National insulation programme urged to target “lowest hanging fruit” says trade bodies BESA and TICA

Insulating hundreds of miles of pipework in commercial and industrial buildings would give an immediate boost to the UK’s Net Zero ambitions and dramatically cut running costs, according to two leading engineering bodies.

The Building Engineering Services Association (BESA) and the Thermal Insulation Contractors’ Association (TICA) described uninsulated or poorly insulated pipework as the “lowest of low hanging fruit” among the potential building retrofit measures that could drive energy and carbon savings.

The two trade bodies also supported a proposal from the UK Green Building Council (UKGBC) for £64 billion of government investment over the next 10 years in a retrofit programme for homes, offices and public spaces.
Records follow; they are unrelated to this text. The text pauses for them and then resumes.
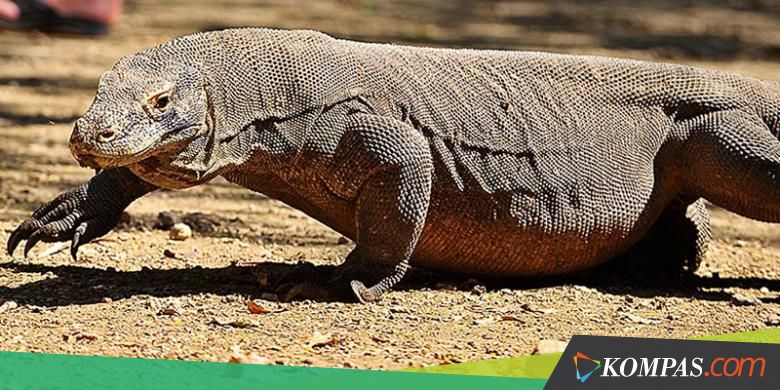 8 Fakta Mengejutkan Seputar Komodo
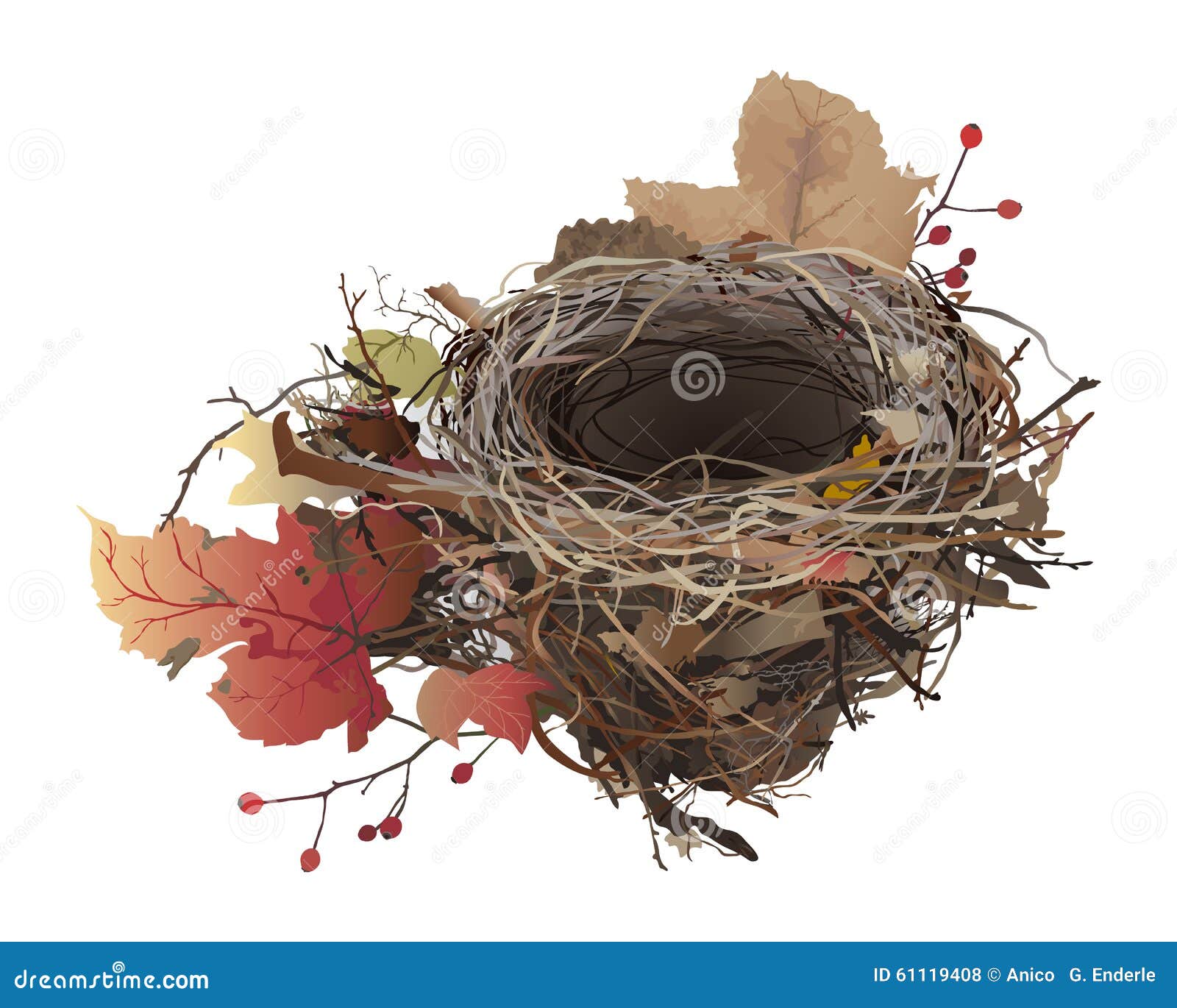bird's nest in autumn.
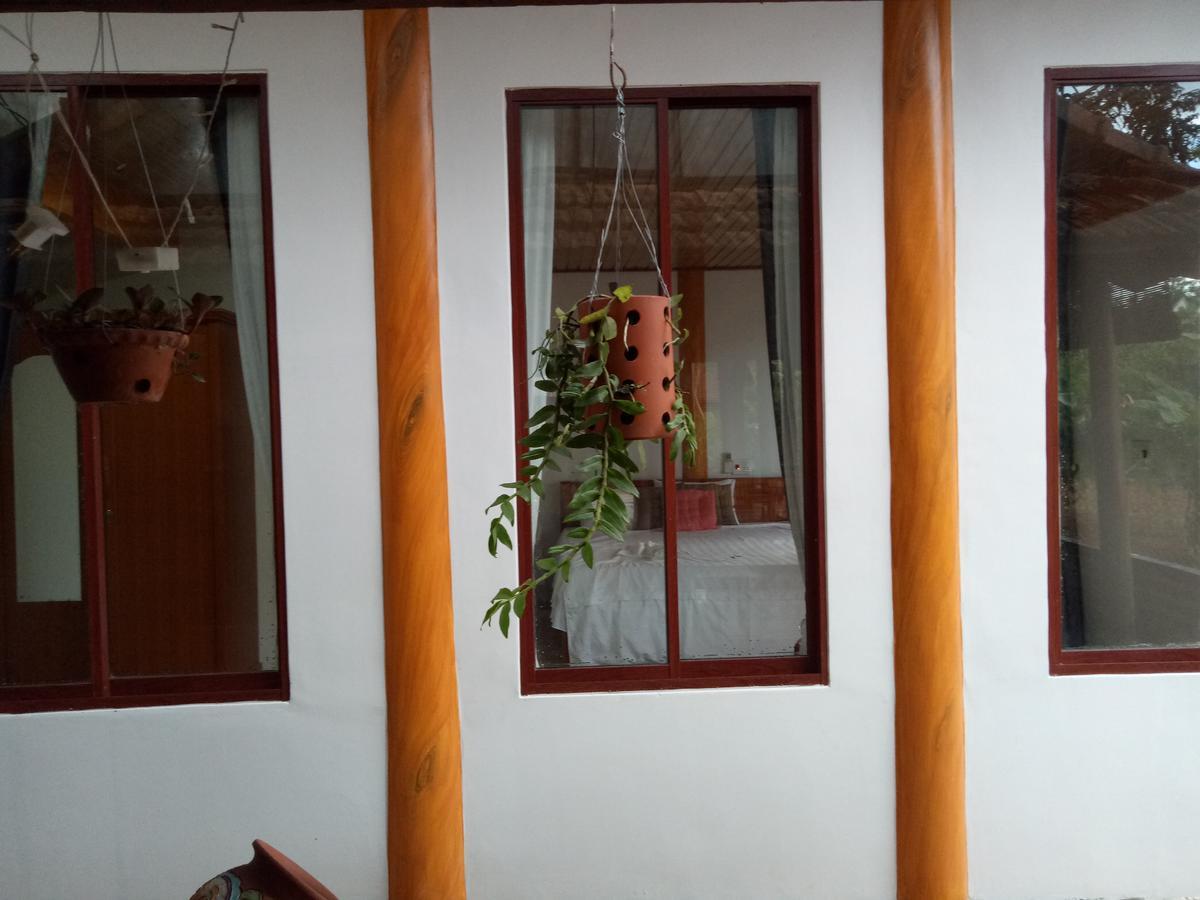 Phong Nha Rice Field Homestay Exterior foto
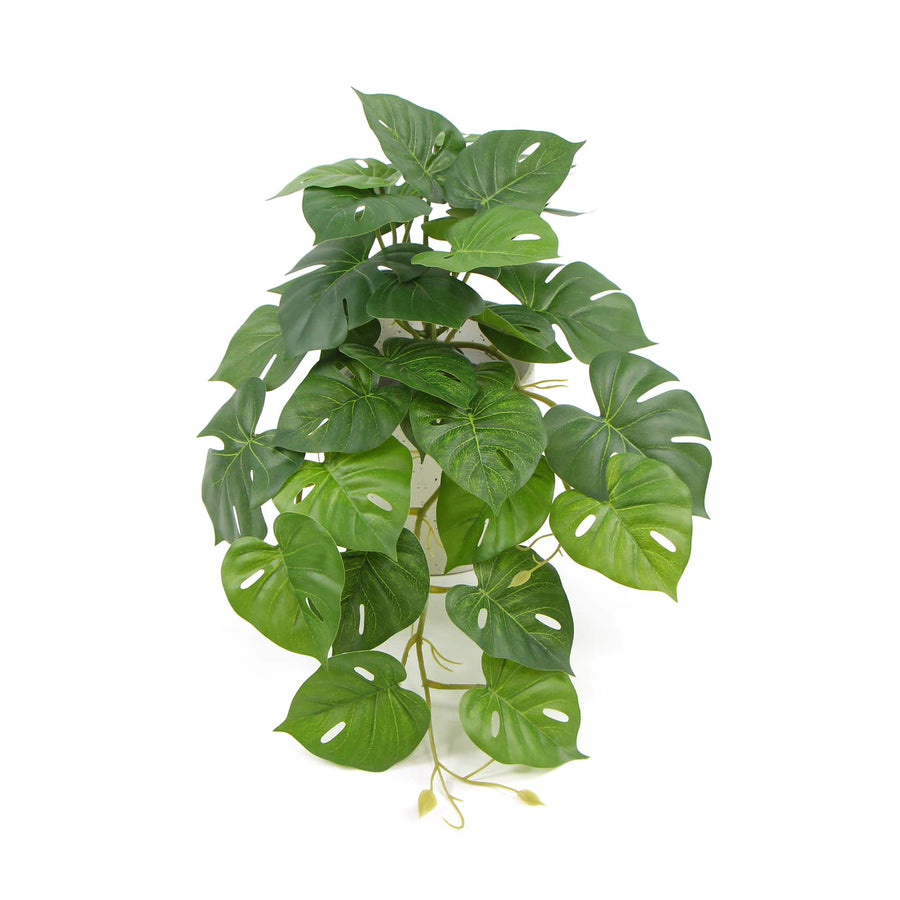 Potted Monstera Plant 30cm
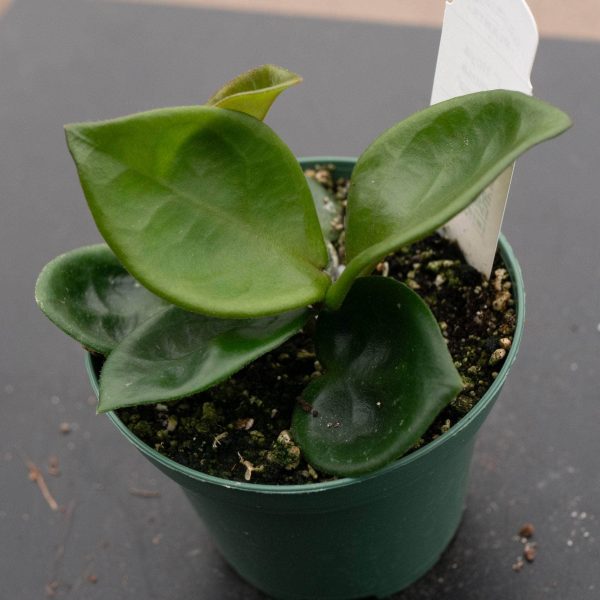 Hoya carnosa  Chelsea  Online - Image 5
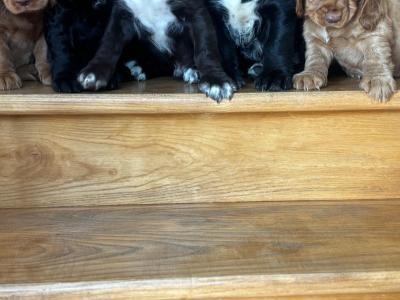 Fabulous Cocker Spaniel puppies in Offaly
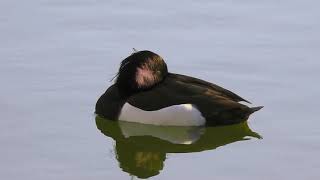 東京で野鳥観察【キンクロハジロとスズガモの見分けが難しい】カルガモのシンクロ✨浜離宮恩賜庭園と旧芝離宮恩賜庭園で野鳥撮影。0121　#身近な生き物語　#キンクロハジロ　#スズガモ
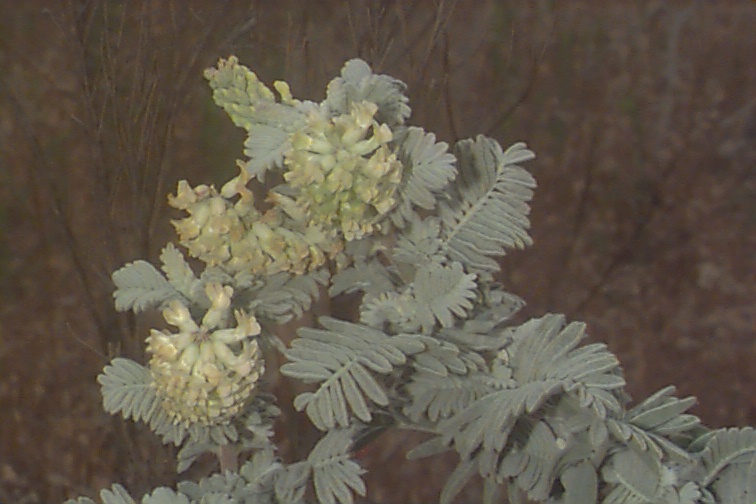 Ventura Marsh Milkvetch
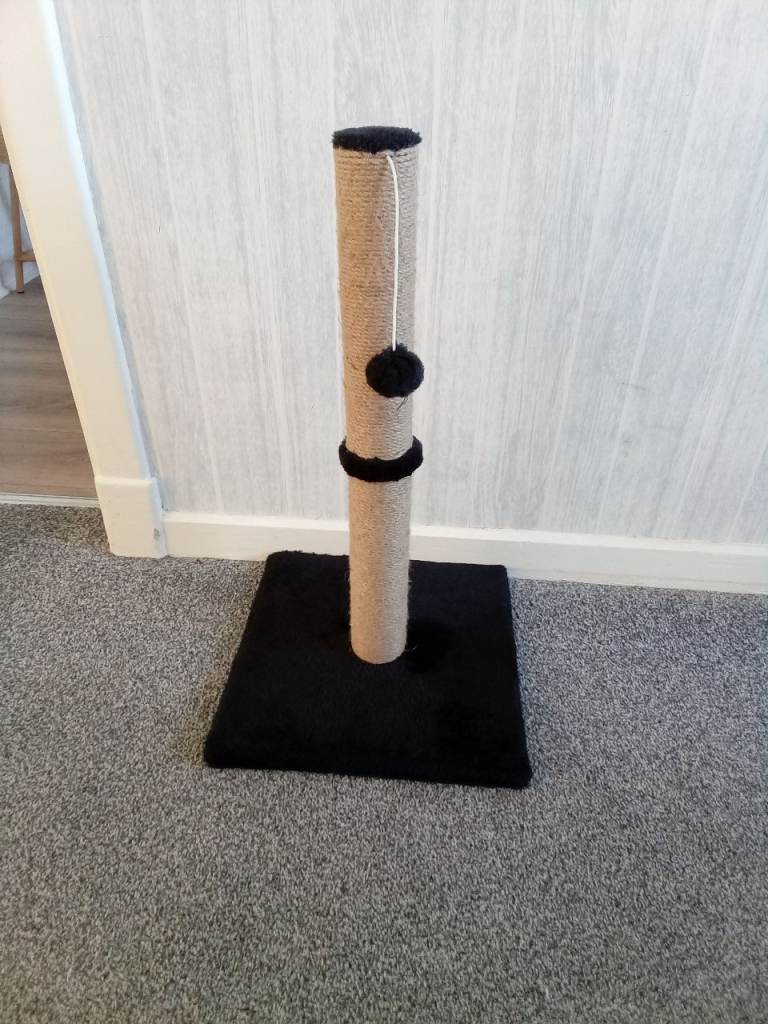 Cats scratching post 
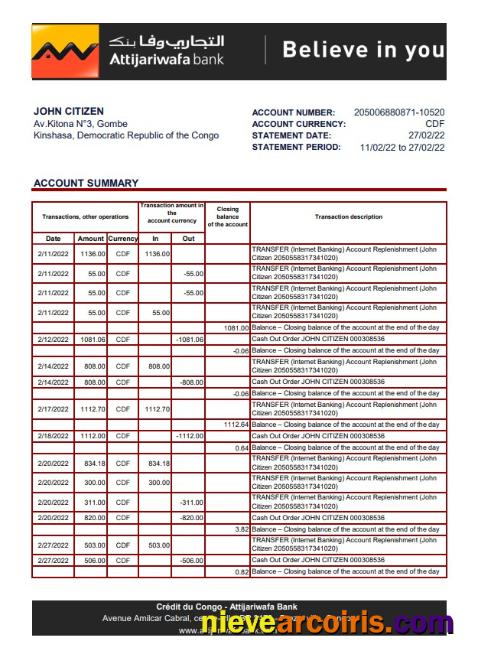 Congo Credit Du Congo Bank Statement Xls Preview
UKGBC research showed that this level of funding would create around 140,000 skilled jobs, avoid the need for £60bn in electricity grid upgrade costs, and save the NHS

£22bn by improving the health and wellbeing of building occupants.

“The new government has welcome plans for improving the performance of the UK’s built environment but there are some big holes in its strategy,” said BESA Chief Executive Officer David Frise. “A concerted effort to address some of the most basic retrofit actions such as insulating the hundreds of miles of uninsulated or badly insulated pipework in our commercial and industrial buildings would deliver a massive and rapid return on investment.”

TICA Technical Director Chris Ridge added: “Trying to get either government or industry to recognise the gaping hole that exists in our national net zero strategy deployment, due to uninsulated or badly insulated pipework, is a major challenge. Anything that makes the specification of energy saving thermal insulation easier to understand and enact for clients is most welcome. The UK thermal insulation market will need to go through a period of adaptation before the benefits of the standard can be deployed at a national scale, but the conversations with policy makers must start now.”